Over the next three months, red string began to crisscross our HQ, detailing our path for the journey ahead. A suggestion from a friend in Thailand or a new picture in National Geographic would always mean a new pushpin on the map, and the red line would need to be restrung. To ensure our safe and legal passage across borders, we registered our bikes in Suzhou, navigating the often grey world of Chinese automotive laws. The size of our bikes made them illegal in Shanghai (hence the Suzhou plates), so just to be sure, we kept them hidden in an underground parking garage in the city center. Secret fort #2. Following Expo's finale, Hans and I returned to the States to purchase all our riding gear -- Bluetooth-equipped helmets, biking body armor, an army of video cameras, and of course, 1000 stickers embossed with our website.

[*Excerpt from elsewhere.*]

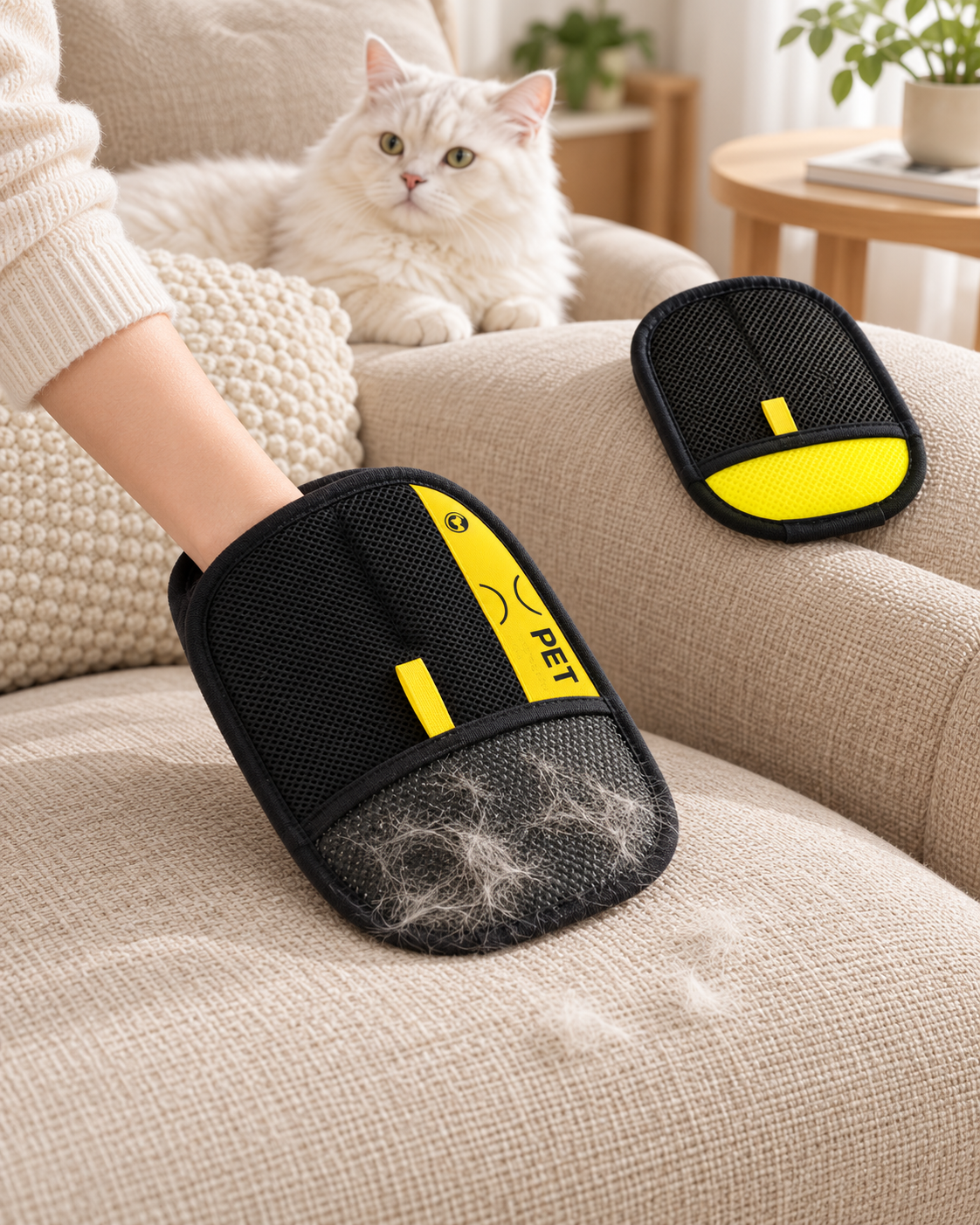 2-Piece Pet Hair Removal Glove Set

The final checklist was complete. We had the bikes, we had the gear, and we had the route. It would only be another week until we were finally on the road, traveling the world we met at Expo. Our grand plan was ready to be tested.

It took exactly one day to know it failed.

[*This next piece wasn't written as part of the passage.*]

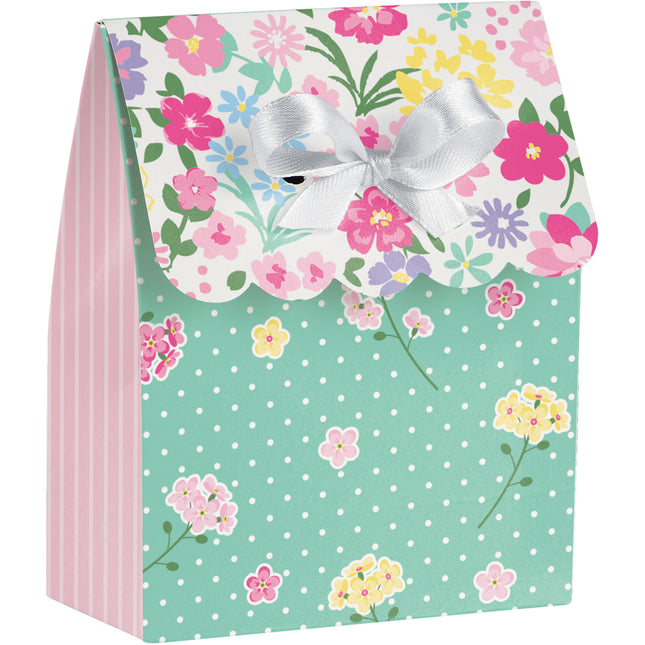 Uitdeelbox Bloemen 11,5cm 12st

We rode out of Kunming with high spirits, but the intense sun quickly roasted them away under our heavy riding jackets. The freeway signs overhead pointed us south towards Laos, but the lack of pavement pointed us back the way came. A funny clunk in the engine means a stop, a loose saddlebag means a lopsided ride. The sweaty helmets send a crackling across the Bluetooth mics, our manic conversations about which direction to drive now a static hiss.

All this, and we had just dodged complete ruin the day before. This week was Chinese New Year, and while we had made plans to ship our bikes to a Kunming motorcycle shop well in advance, we were still concerned that our precious cargo wouldn't arrive in time. China, the booming economic spectacle that it is, has an incredible ability to completely shut down over the holidays. Unfortunately, the store owner had also made his vacation plans well in advance. While a simple phone call would have been nice, the sight of the store's locked doors was an appropriate start to our trip. Panicked, sweaty, and unbelievable.

We eventually located our crated bikes at the train station's logistics center, tucked neatly under a crate of fan belts, a few rolls of carpeting, and a washing machine. A hired truck helped us carry our rides to a nearby store, and we went to work reassembling the wheels and racks. We were determined to get out of Kunming and let the real journey begin.

And again, we were burning, broken, and bewildered. The towns whizzed by us, but with different names than the map. A cop tells us to get off the empty toll road, apparently the car-packed country highway is a safer place for motorcycles. The dirt pile blocking the unfinished roadway seems a bad sign. The clearly marked road ahead was clear no more.

And at that exact moment, the Great Ride began.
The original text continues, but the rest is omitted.